In order to use crop selection with Lightly, you will need the following things:

Predictions

Lightly needs to know which objects to process. This information is provided by uploading a set of object detection predictions to the datasource (see Work with Predictions]). Alternatively, you can use the Lightly pretagging model to generate predictions on the fly.

Crop Selection with Custom Predictions

Once everything is set up as described above, you can run crop selection by setting the object_level.task_name argument in the configuration. The argument should be set to the task name you used for your predictions. For example, if you uploaded predictions to .lightly/predictions/vehicles_object_detections, then you should set object_level.task_name="vehicles_object_detections".

import json
import lightly
from lightly.openapi_generated.swagger_client import DatasetType, DatasourcePurpose

# Create the Lightly client to connect to the API.
client = lightly.api.ApiWorkflowClient(token="MY_LIGHTLY_TOKEN")

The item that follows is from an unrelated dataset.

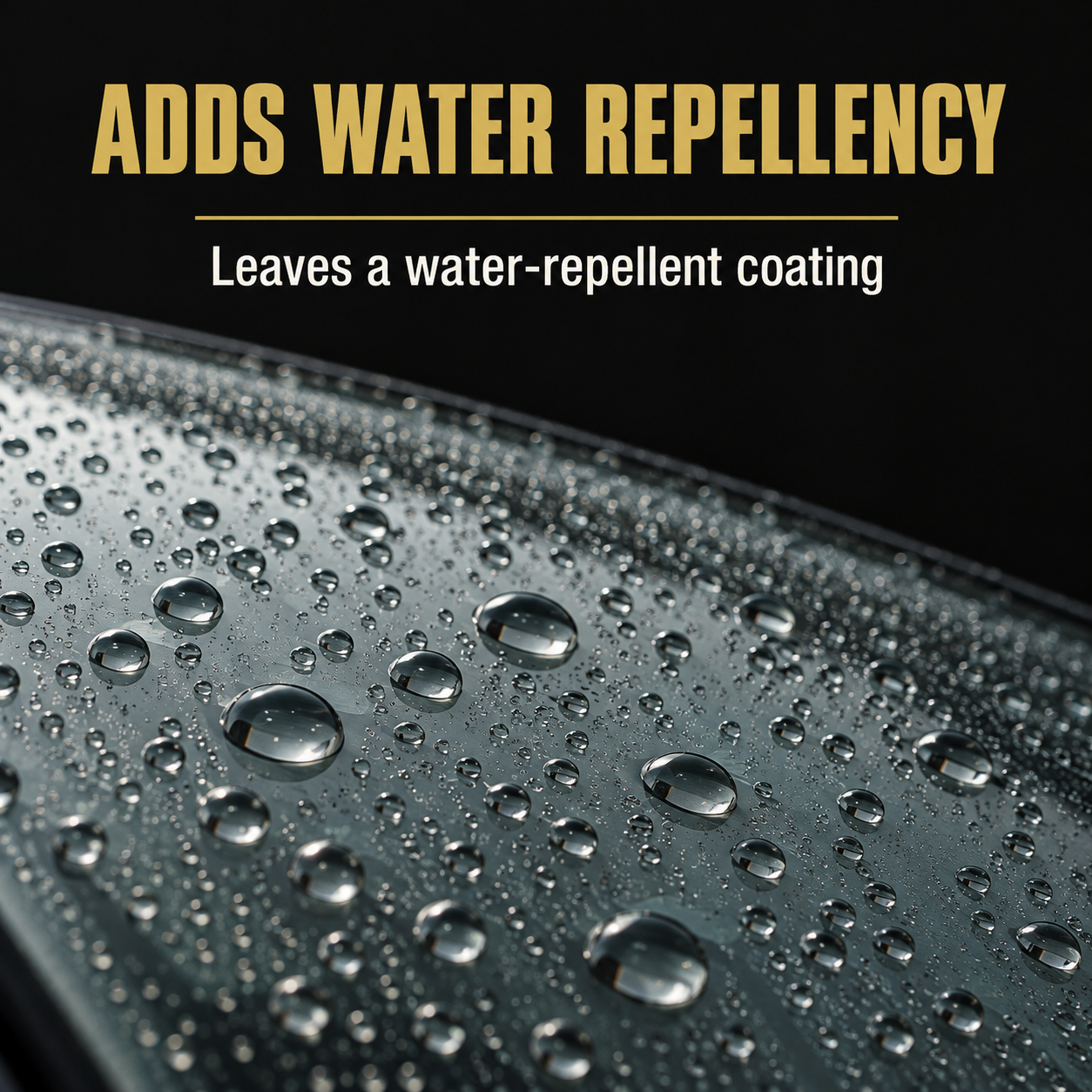 Angelwax Clarity Super Concentrated Screenwash — What does it add?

# Create a new dataset on the Lightly Platform.
client.create_dataset("dataset-name", dataset_type=DatasetType.IMAGES)

# AWS S3 Delegated Access
# Configure the Input datasource.
client.set_s3_delegated_access_config(
    resource_path="s3://bucket/input/",
    region="eu-central-1",
    role_arn="S3-ROLE-ARN",
    external_id="S3-EXTERNAL-ID",
    purpose=DatasourcePurpose.INPUT
)
# Configure the Lightly datasource.
client.set_s3_delegated_access_config(
    resource_path="s3://bucket/lightly/",
    region="eu-central-1",
    role_arn="S3-ROLE-ARN",
    external_id="S3-EXTERNAL-ID",
    purpose=DatasourcePurpose.LIGHTLY
)

# Schedule the docker run with the "object_level.task_name" argument set. 
client.schedule_compute_worker_run(
    worker_config={
        "object_level": { # used for crop selection
            "task_name": "vehicles_object_detections" 
        },
    },
    selection_config={
        "n_samples": 100,
        "strategies": [
            {
                "input": {
                    "type": "EMBEDDINGS"
                },
                "strategy": {
                    "type": "DIVERSITY",
                }
            },
            # Optionally, you can combine diversity selection with active learning
            # to prefer selecting objects the model struggles with.
            # If you want that, just include the following code:
            """
            {
                "input": {
                    "type": "SCORES",
                    "task": "vehicles_object_detections", # change to your task
                    "score": "uncertainty_entropy" # change to your preferred score
                },
                "strategy": {
                    "type": "WEIGHTS"
                }
            }
            """
        ]
    },
)
import json
import lightly
from lightly.openapi_generated.swagger_client import DatasetType, DatasourcePurpose

# Create the Lightly client to connect to the API.
client = lightly.api.ApiWorkflowClient(token="MY_LIGHTLY_TOKEN")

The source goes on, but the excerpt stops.